Pratt v. Dudley

73 Ark. 536 | Ark. | 1905

Wood, J.,

(after stating the facts.) An examination of the acts convinces us that the purpose of the Legislature in each, so far as the levee district is concerned, is the same. The last act (1901), while “repealing all laws and parts of laws in conflict with it,” does not repeal those that are not in conflict. The first act (1887) (and the amendatory act of 1893), establishing the levee district, and creating a Board of Commissioners and Inspectors, to be appointed by the county court, and defining the powers and duties of such board, is not in conflict with the act of 1901, so far as the general purpose of maintaining a levee in the territory defined is concerned. All the provisions relating to the preservation of the levee are in harmony. Where there are differences in the acts, they relate to matters of administrative detail only, all looking to the same end of maintaining the levee. The whole scope of the acts indicates a purpose, in the first place, to erect the levee, and. in the second place, to maintain it in the territory named. The last act re-enacted substantially the act of 1887 and the amendatory act of 1893, and gave to the Board of Commissioners and Inspectors of the Levee District the power to dig a ditch, in' addition to the power to repair and maintain the levee. We are quite sure that the Legislature of 1901 did not intend to annihilate the Levee District of Clay and Greene Counties created by the act of 1887, and to extinguish all that had been done under that act. But the purpose was to continue the incorporation and the board, with a change from time to time in the personnel of its membership, and to give it added functions and powers.

The repeal of the act of 1887 and amendatory act of 1893 by the act of 1901 was rather by substitution than by conflict, upon the familiar rule that when the Legislature takes up the entire subject-matter of a prior law, and covers it with a new enactment, the new law, although there may be some added provisions, will repeal the old. But these provisions of the old law, not in conflict, are rather continued and mereed in the new, which is substituted for it; at least, it will be presumed that such was the legislative intent. Broughton v. Pensacola, 93 U. S. 266, 270; O’Connor v. Memphis, 6 Lea, 735, 736. See also, 8 Rose’s Notes, U. S. Rep., 955, for cases cited.

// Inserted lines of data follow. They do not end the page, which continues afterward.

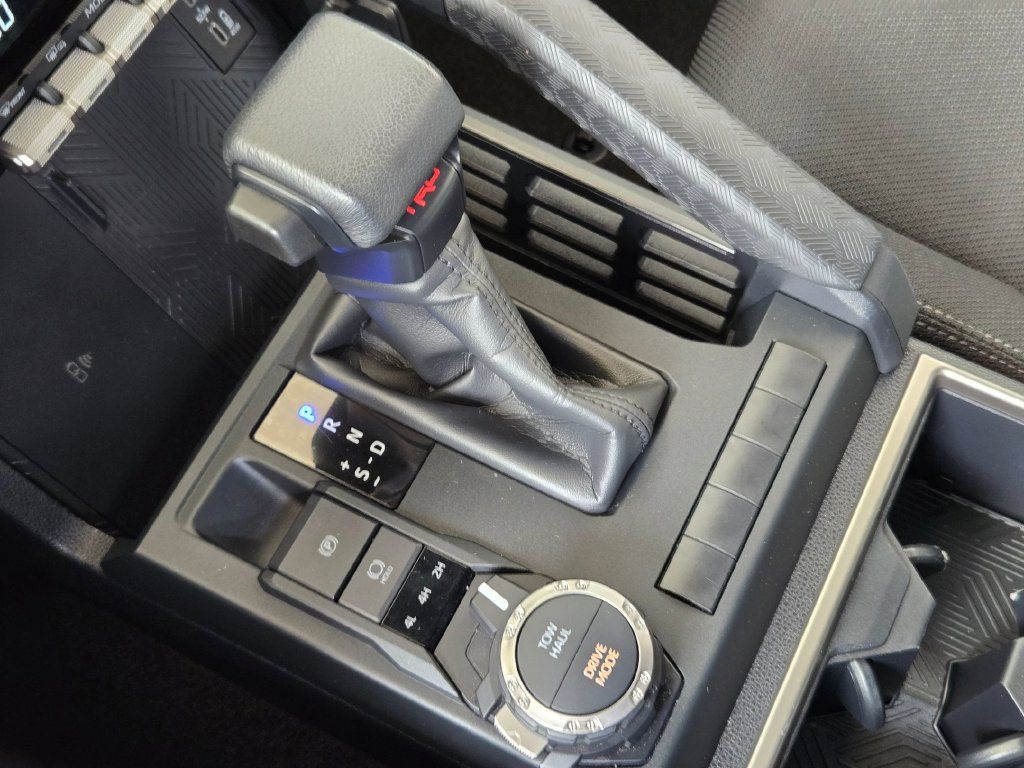 Used 2025 Toyota 4Runner TRD Sport AWD/4WD image 18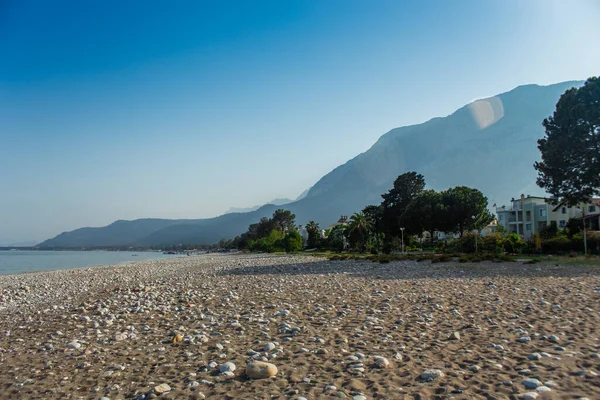 安塔利亚凯末尔的海滨 背景为群山 — 图库照片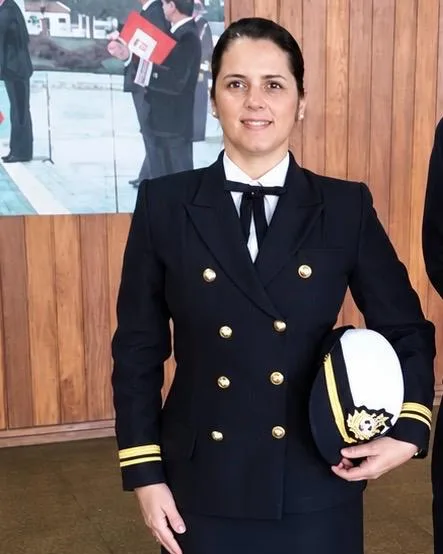 Dra. Janaína Nunes de uniforme da Marinha do Brasil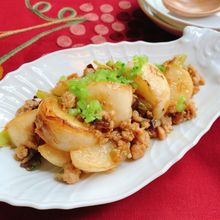 焼き蕪のそぼろ煮
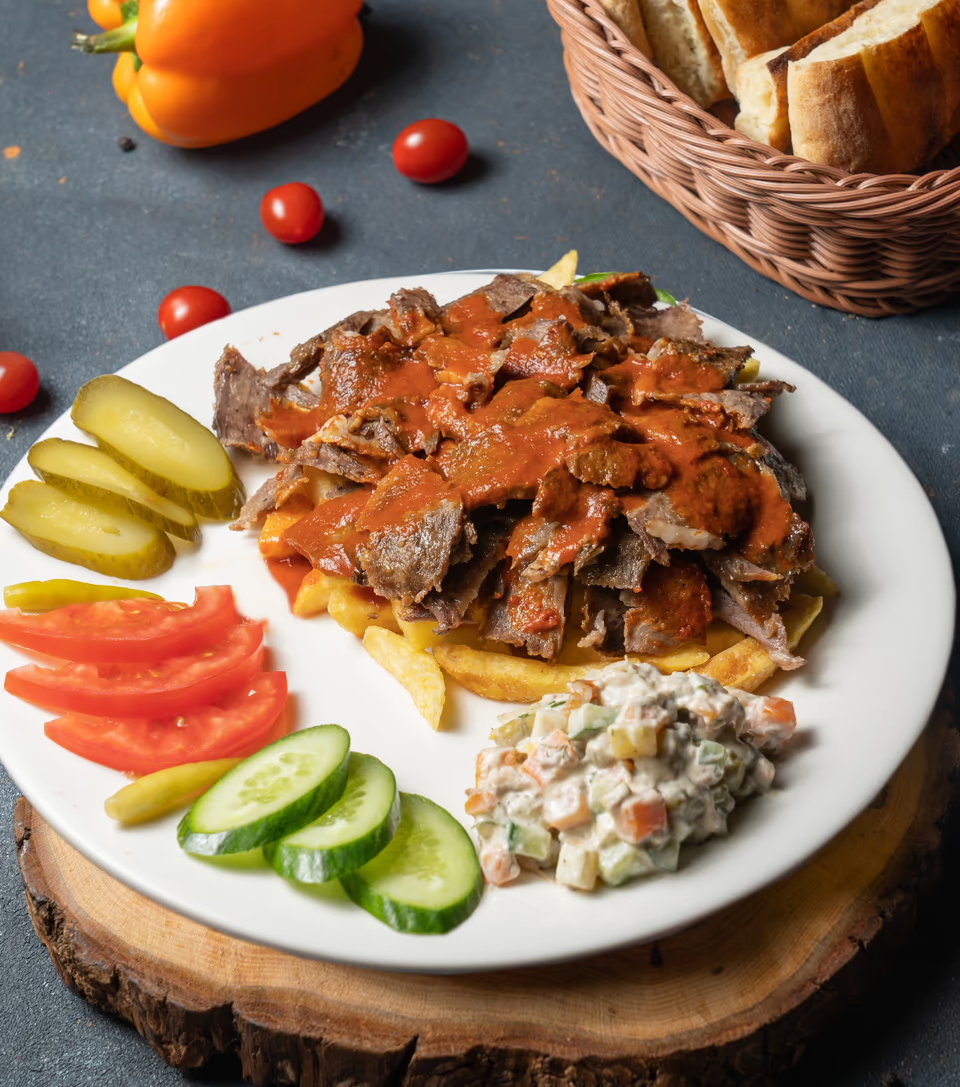 Mal Əti Ilə Fri Üstü Dönər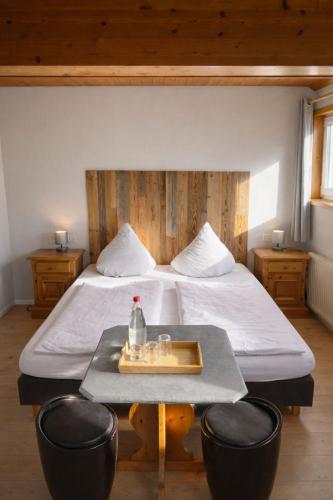 1 queen bed, 1 twin bed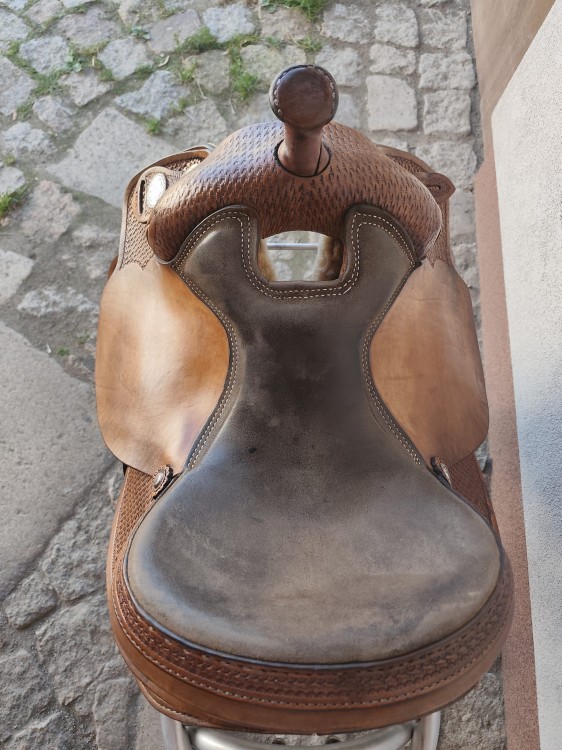 Zamszowe siedzisko siodła Continental Saddlery 184 — ciemny szarobrązowy suede, widok z góry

“It is a familiar rule of construction,” says the court in United Hebrew Ass’n v. Benshimol, 130 Mass. 325, 327, “that when statutes are repealed by acts which substantially retain the provisions of the old laws, the latter are held not to have been destroyed or interrupted in their binding force. In practical operation and effect, they are rather to be considered as a continuance and modification of the old laws than as an abrogation of those old and the re-enactment of new ones.” Forbes v. Board of Health, 9 So. 447, 27 Fla. 194; Wright v. Oakley, 5 Met. 400; Steamship Co. v. Joliffe, 2 Wall. 450; Sutherland, Stat. Const. § 134; Endlich, Int. Stat. 490, and other authorities cited in appellant’s brief.

It appears that the fund in controversy was the result of a valid impost for levee purposes. It belonged to the Levee District of Clay and Greene Counties, and the appellants, who constitute the Board of Commissioners and Inspectors for such district, are entitled to this fund to- be used for levee purposes under the law. It is a trust fund in their hands for that purpose.

These causes are properly before this court. The county court under the act had no jurisdiction over the funds or the officers holding them.

The proceeding in chancery was proper to recover trust funds and have them duly administered.

The decree is therefore reversed, and the causes are remanded with directions to reinstate complaints and to enter a decree for the appellants.